On 12/6/22 14:02, Richard W.M. Jones wrote:
On Tue, Dec 06, 2022 at 05:52:16PM -0000, Andrii Nakryiko wrote:
>> On Tue, Dec 06, 2022 at 03:12:19AM +0000, Gary Buhrmaster wrote:
>>
>> Note that is not a fully equivalent scenario. The no-omit-frame-pointer
>> proposal was only offering a functional debugging benefit to a fairly
>> small number of users who are also developers, while adding a likely
>> performance hit to all users. There needs to be a high bar to justify
>> the performance hit when the benefit offered is narrow.
>
> First, frame pointers are not just for debugging benefit. It's not even it's
main benefit from POV of
https://pagure.io/fesco/issue/2817. Frame pointers are for
performance profiling and observability first and foremost, and that's most useful
under real-world conditions of production workloads.
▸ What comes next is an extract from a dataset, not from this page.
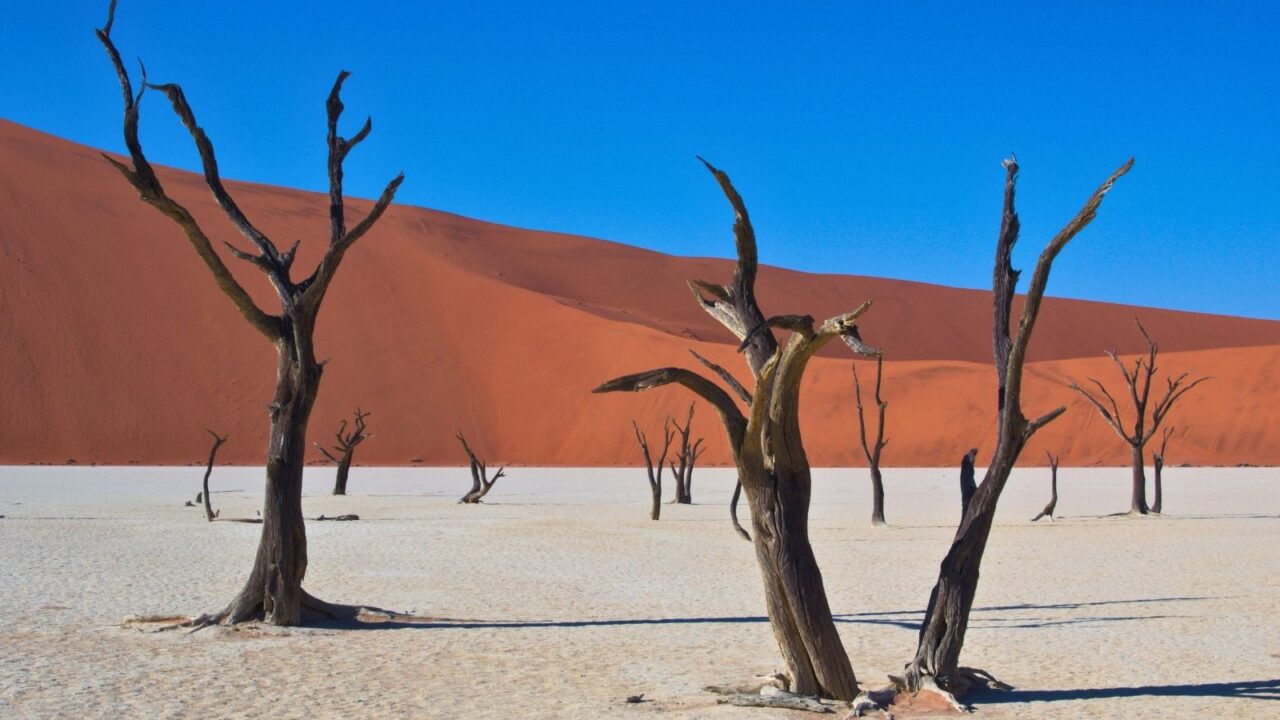 Leafless camelthorn trees standing on cracked white clay in Deadvlei, framed by towering red dunes under a vivid blue sky.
Not some custom re-built debug
versions of applications.
>
> Second, it might benefit a relatively small (but not tiny, it's at least
thousands of people doing performance profiling) fraction of users, but those users
(developers that care about performance) are the ones bringing benefits to very wide user
base.
Yes! I spent a frustrating time getting perf to record stack traces
properly until I recompiled the program with frame pointers. (I know
about --call-graph=dwarf but it doesn't seem to work most of the time.)
That is due to known limitations in perf, IIUC. Hence why at least I was
pushing so heavily to improve perf to not require frame pointers.